Soon after he started working for Freetown Inc, an essential UK label that was an early home to house music giants like Roy Davis Jr, Felix Da Housecat, Robert Owens, Louie Vega, and more. Working promotion while stuffing records into envelopes all day, Solomon was learning how the business side of dance music operated. “It was around this time that I began to meet more people in the industry and make more friends,” Solomon explains.
Befriending people like Ron Trent after he was signed to Freetown’s sister label, Subwoofer, and linking up with Rob Mello at Zoom Records, who began teaching Solomon the ins and outs of production, Luke was quickly bolstering his network. As his DJ ambitions grew, Freetown boss and friend, the late Sangki Yeo, decided to let Solomon go from his job with the label — parting with the encouraging words, “you need to go be a DJ now.”
Even as Solomon’s status as a DJ continually grew, he still needed extra income. He was playing regular shows on pirate radio station Girls FM, when fellow DJ and friend Heidi Lawden got him an internship working promotion for Roger Sanchez and Marts Andrups’ label, Narcotic Records. There he met Trevor Jackson, Kenny Dope, and a slew of other creatives who would go on to become mammoths in the world of dance music. In 1995, tragedy struck when Narcotic’s label manager Marts Andrups died from a cerebral illness, and shortly after that, his other label mentor, Sangki Yeo, was tragically killed in a car crash.

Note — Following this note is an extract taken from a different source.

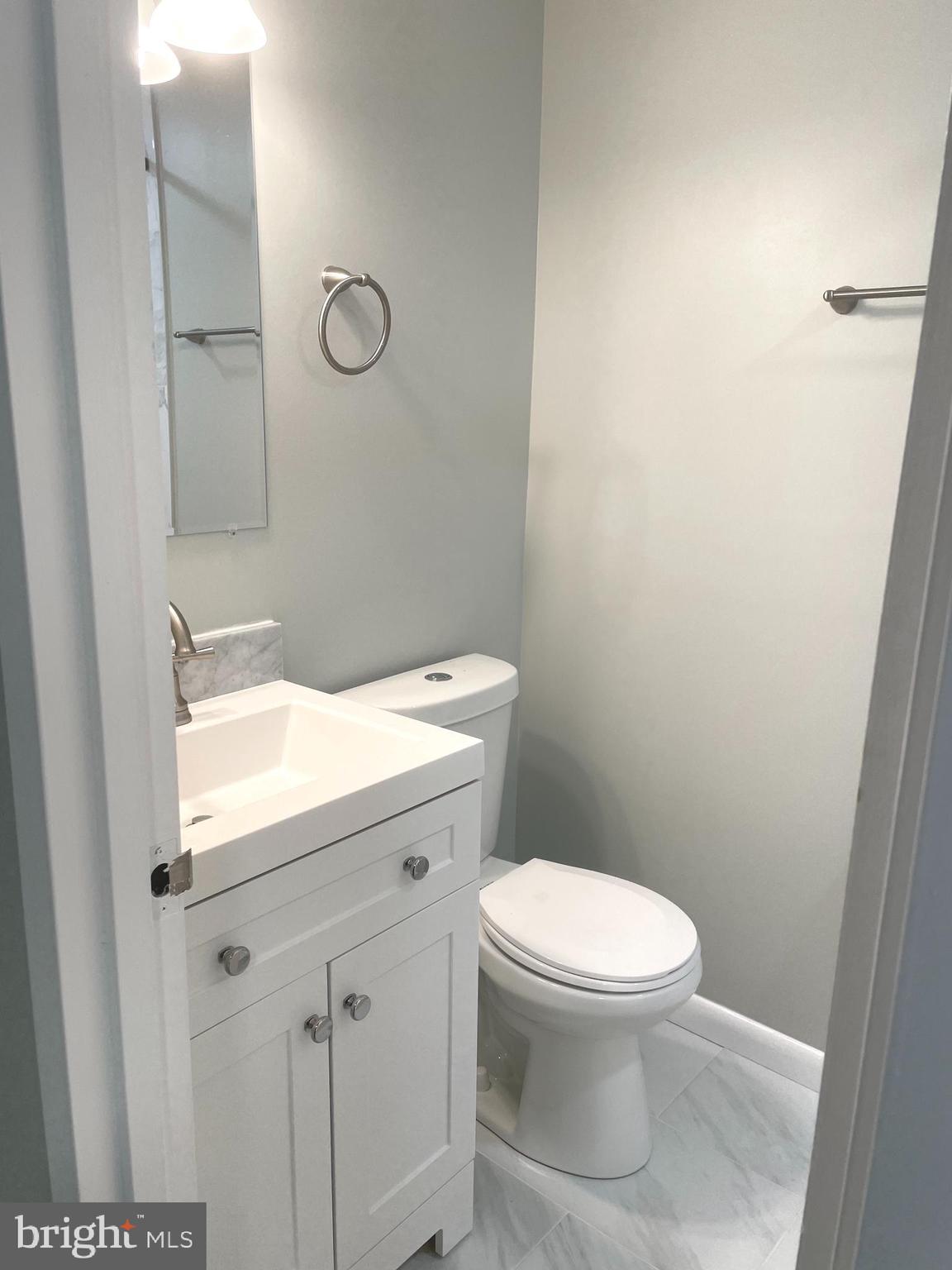 2214 Castle Rock Square, Unit 22C Reston, VA 20191 - Photo 17 of 32 Completely remodeled MASTER ENSUITE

“There was this tragedy that followed along the lines of my initial journey,” Solomon says. “But all the while, I just watched how labels were run and took it all in, but with no master plan in mind. I just soaked it up, and all these things were catalysts that led to my initial trips to Chicago and building long lasting friendships with Derrick Carter and Chez Damier. And that’s where the next chapter of the story begins.”
During his time at Freetown Inc, Solomon received an early record of Derrick Carter’s with a phone number scribbled on the back of the sleeve. A cold call from one house music specialist to another would soon blossom into a long lasting friendship. But first, Solomon would make his way to Chicago to check out the scene for himself. “I went out there flying the flag of Freetown in ’93 or ’94, and that was the first time I met Chez Damier,” Solomon says. “I released a record with Rob Mello on his and Ron Trent’s Prescription imprint, and it was there in Chicago that I first met Derrick Carter in person. He and Chez were very close friends.”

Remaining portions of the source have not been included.